Item cluster-based assessment: Modeling and design
This three-paper dissertation explores item cluster-based assessments, first in general as it relates to modeling, and then, specific issues surrounding a particular item cluster-based assessment designed
There should be a reasonable analogy between the structure of a psychometric model and the cognitive theory that the assessment is based upon. Specifically, for item response theory (IRT) models in educational assessment scores, the structure of dependencies among items that are designed as item clusters (groups of items that share common stimulus material, etc) should be reflected in the model. This type of designed local item dependence (LID) can be modeled in many different ways. The literature on the existence of LID and models developed to account for this LID is somewhat extensive, though there is little work to unify and organize these different approaches. The first paper presents a general framework to guide modeling decisions for item cluster-based assessments by first formalizing some of the terminology used in the context of LID, providing an overview of methods for detecting LID, and discussing general modeling approaches for response data that is theorized to exhibit LID.

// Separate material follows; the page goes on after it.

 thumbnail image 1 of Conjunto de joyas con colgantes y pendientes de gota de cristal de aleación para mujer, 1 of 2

Recent pushes for increased rigor and focus on complex constructs (such as critical thinking) in K-16 education highlight a need to develop assessments that measure these complex constructs. The second paper explores these issues in the context of a particular complex constructs in statistics education, that of Linking Data to a Claim (LDC), Meta-Representation Competence (MRC), and Formal Inference (FoI). We present a multidimensional treatment and analysis of field test data for the Critical Reasoning for College-Readiness (CR4CR) Assessment, an item cluster-based assessment. We found that the LDC and FoI items as written can provide a mapping of student ability estimates to the construct map levels as defined, but that the MRC items do not. Further, as expected, we found moderately strong correlations among the three constructs.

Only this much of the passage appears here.